The question of which national flag would fly exclusively over Oregon was answered in diplomacy, but not before several years of argument and saber-rattling by British and American governments. In 1827, after less than a decade of the joint occupation, neither nation was prepared to create a solution to what became known as the Oregon Question, or how the region would be partitioned. Instead, they left open a future resolution, allowing either party to nullify the previous agreement with a one-year notice. By then, however, the sides had established hard choices and were at odds: Britain had been resolute in demanding that the Columbia River would be the partition line, thereby enclosing agricultural land and Puget Sound in present-day Washington State, while the U.S. argued for partition at the 49th parallel, the established boundary between the U.S. and Canada east of the Rockies, that extended to Puget Sound, with navigation rights shared in the Sound. By 1842, when Britain and the U.S. settled the disputed boundary between Maine and Canada—the Webster–Ashburton Treaty—some hoped the Oregon Question would be included, but both nations ignored Oregon and put off a resolution.

By 1843, American migration to the Oregon Country had increased the pressure to solve the Oregon Question. The next year, President John Tyler changed the debate by extending the American claim potentially to 54° 40’ in present-day Canada, the “all of Oregon” solution. In March 1845, Tyler’s successor, James K. Polk, called the American claim on Oregon “clear and unquestionable.” In July, however, the president offered a boundary at the 49th parallel as a compromise. Britain’s ambassador to Washington flatly rejected it, prompting some British politicians to support using military force to defend their nation’s interests in the Pacific Northwest.

By early January 1846, political conditions in Britain and the United States began to change once again, and war talk quieted. The London Times editorialized in favor of entertaining the American solution, even as U.S. expansionists bellowed “Fifty-four Forty or Fight” to stiffen Polk’s resolve. Polk had not campaigned on the issue and never used the phrase before winning election in 1844, but he let the threat linger in hopes that his compromise would find favor in London.

During the spring of 1846, economic interest groups in both nations argued for compromise on the fate of Oregon. The Hudson’s Bay Company, for example, moved its regional headquarters to Victoria on Vancouver Island in 1845. In late 1845, some British politicians proposed repealing the restrictive Corn Laws tariffs on agricultural commodities to improve economic conditions. American politicians, especially from the South, hailed the effort, expecting the prospect of selling their produce to England. In May, the repeal succeeded on the eve of treaty discussions on Oregon in Washington, D.C.
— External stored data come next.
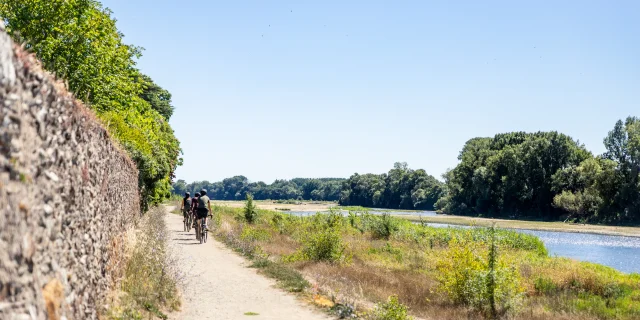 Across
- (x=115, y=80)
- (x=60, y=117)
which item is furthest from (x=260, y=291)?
(x=115, y=80)

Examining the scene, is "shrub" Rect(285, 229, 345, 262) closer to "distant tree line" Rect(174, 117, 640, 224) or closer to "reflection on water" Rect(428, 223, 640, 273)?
"reflection on water" Rect(428, 223, 640, 273)

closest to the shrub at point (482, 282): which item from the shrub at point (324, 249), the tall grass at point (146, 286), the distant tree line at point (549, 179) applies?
the shrub at point (324, 249)

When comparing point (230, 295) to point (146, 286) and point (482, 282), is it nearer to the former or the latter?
point (146, 286)

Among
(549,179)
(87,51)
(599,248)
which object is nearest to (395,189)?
(549,179)

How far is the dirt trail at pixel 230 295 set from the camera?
10391mm

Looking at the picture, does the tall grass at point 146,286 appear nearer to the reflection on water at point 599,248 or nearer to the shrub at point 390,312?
the shrub at point 390,312

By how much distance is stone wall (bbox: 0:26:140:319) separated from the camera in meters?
3.92

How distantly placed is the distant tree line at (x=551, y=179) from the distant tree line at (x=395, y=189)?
3582 cm

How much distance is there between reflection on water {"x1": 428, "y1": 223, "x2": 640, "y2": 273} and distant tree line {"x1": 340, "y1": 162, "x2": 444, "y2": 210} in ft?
291

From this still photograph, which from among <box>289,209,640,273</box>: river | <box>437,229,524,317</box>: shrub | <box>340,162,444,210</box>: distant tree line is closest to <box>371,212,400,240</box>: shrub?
<box>289,209,640,273</box>: river

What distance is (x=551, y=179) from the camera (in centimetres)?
9006

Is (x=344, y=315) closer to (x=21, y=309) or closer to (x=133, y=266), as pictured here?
(x=133, y=266)

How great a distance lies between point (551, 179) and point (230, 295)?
287 ft

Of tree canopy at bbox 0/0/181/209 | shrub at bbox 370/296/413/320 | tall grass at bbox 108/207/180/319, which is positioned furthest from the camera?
tree canopy at bbox 0/0/181/209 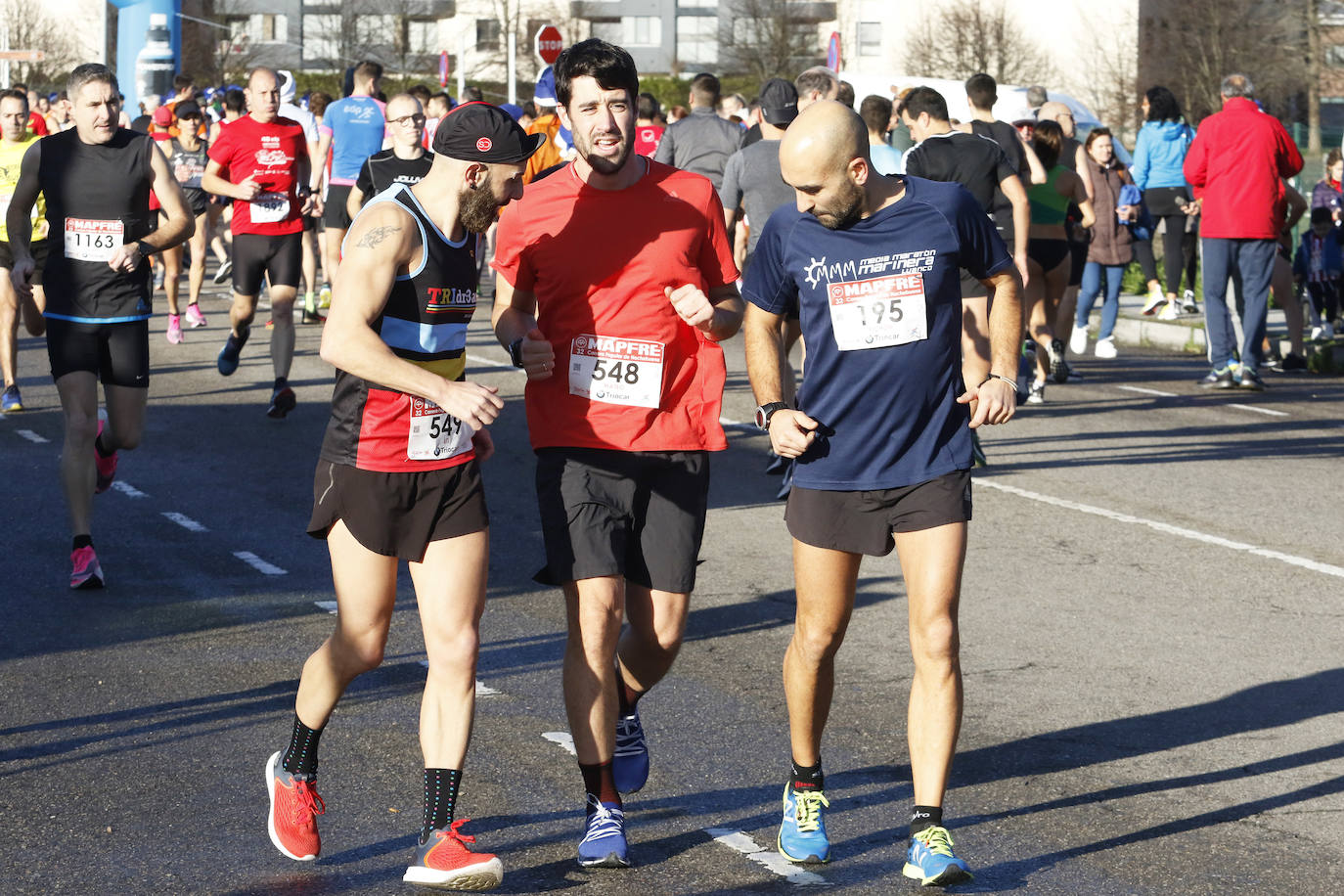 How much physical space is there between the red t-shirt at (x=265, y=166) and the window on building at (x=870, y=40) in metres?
55.6

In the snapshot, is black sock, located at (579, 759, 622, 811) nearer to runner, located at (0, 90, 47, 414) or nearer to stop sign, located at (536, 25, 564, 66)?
runner, located at (0, 90, 47, 414)

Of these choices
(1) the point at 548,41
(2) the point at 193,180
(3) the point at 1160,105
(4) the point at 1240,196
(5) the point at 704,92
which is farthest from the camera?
(1) the point at 548,41

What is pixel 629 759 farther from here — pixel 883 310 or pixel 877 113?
pixel 877 113

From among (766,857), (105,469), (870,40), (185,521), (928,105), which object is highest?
(870,40)

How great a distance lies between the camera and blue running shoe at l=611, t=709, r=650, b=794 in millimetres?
5078

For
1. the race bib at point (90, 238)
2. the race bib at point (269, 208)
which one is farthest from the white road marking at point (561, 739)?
the race bib at point (269, 208)

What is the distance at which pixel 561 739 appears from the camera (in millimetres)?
5816

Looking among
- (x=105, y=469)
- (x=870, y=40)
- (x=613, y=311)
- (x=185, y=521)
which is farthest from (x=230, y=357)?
(x=870, y=40)

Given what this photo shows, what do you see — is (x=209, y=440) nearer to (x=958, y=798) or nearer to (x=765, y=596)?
(x=765, y=596)

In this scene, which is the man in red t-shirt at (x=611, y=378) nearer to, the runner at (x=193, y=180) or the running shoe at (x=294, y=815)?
the running shoe at (x=294, y=815)

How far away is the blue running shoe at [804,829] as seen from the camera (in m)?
4.74

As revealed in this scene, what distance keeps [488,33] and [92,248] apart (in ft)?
248

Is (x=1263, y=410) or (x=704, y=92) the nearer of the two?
(x=1263, y=410)

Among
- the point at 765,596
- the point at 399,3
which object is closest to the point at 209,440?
the point at 765,596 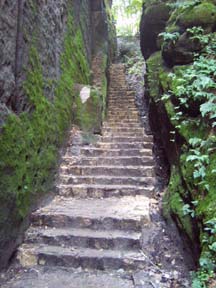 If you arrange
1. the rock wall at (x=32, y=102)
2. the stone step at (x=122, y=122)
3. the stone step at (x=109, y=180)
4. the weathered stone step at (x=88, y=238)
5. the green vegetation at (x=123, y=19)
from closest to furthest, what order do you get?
the rock wall at (x=32, y=102) < the weathered stone step at (x=88, y=238) < the stone step at (x=109, y=180) < the stone step at (x=122, y=122) < the green vegetation at (x=123, y=19)

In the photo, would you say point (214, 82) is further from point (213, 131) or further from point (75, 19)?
point (75, 19)

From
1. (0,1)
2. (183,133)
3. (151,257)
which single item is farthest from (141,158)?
(0,1)

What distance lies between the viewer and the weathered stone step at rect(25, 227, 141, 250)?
3.58 m

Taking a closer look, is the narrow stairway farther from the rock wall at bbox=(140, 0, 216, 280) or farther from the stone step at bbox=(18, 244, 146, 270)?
Answer: the rock wall at bbox=(140, 0, 216, 280)

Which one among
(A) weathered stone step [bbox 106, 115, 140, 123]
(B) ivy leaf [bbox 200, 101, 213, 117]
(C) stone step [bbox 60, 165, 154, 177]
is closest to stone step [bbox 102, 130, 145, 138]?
Answer: (A) weathered stone step [bbox 106, 115, 140, 123]

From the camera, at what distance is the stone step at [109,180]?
498cm

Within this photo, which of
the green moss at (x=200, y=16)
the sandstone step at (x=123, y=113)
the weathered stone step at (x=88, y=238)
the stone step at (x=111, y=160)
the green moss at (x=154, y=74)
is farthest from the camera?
the sandstone step at (x=123, y=113)

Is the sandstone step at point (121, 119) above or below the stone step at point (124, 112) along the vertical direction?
below

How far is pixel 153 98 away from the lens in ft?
22.1

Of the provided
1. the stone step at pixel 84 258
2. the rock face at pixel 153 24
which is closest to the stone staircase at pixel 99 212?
the stone step at pixel 84 258

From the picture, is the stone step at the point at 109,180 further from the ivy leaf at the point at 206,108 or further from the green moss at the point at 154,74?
the green moss at the point at 154,74

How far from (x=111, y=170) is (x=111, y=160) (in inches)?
13.9

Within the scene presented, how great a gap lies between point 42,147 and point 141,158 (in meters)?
1.91

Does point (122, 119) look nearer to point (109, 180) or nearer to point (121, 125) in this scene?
point (121, 125) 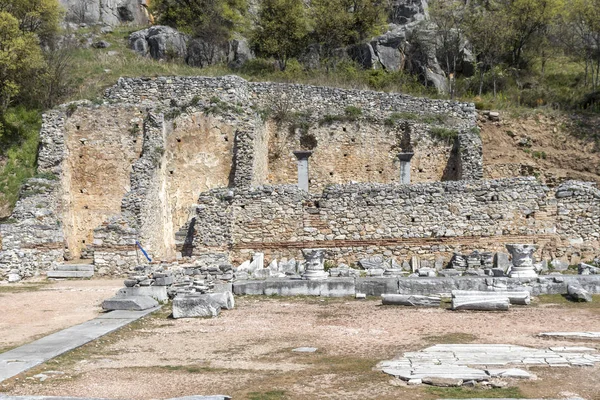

In early June 1846, Secretary of State James Buchanan met in Washington, D.C., with the British ambassador to the U.S., Richard Packenham, each with instructions to find a resolution. The British response to Polk’s final conditions reached the capital city on June 6. Within just over a week the negotiators had finished the treaty, which included four main articles. The first partitioned the Oregon Country at the 49th parallel stretching from the Rockies to the middle of Puget Sound and ensuring common navigation rights in the Sound for both nations. The second article guaranteed open navigation of the Columbia River for the Hudson’s Bay Company and British subjects. Article three provided that property held by HBC and British subjects in the area south of the 49th parallel “shall be respected.” The fourth article protected the agricultural operations of HBC’s Puget Sound Agricultural Company north of the Columbia River. The negotiators signed the treaty on June 15, 1846, and the U.S. Senate approved it on June 18. The British Parliament received the text on June 28 and subsequently approved the agreement.

Two issues were left for future agreements. The value and resolution of claims against HBC property in Oregon became the basis for several legal disputes, all of which were resolved by 1869; and the precise demarcation of the boundary between U.S. and future Canadian possessions in Puget Sound was settled by an international arbitration in 1872.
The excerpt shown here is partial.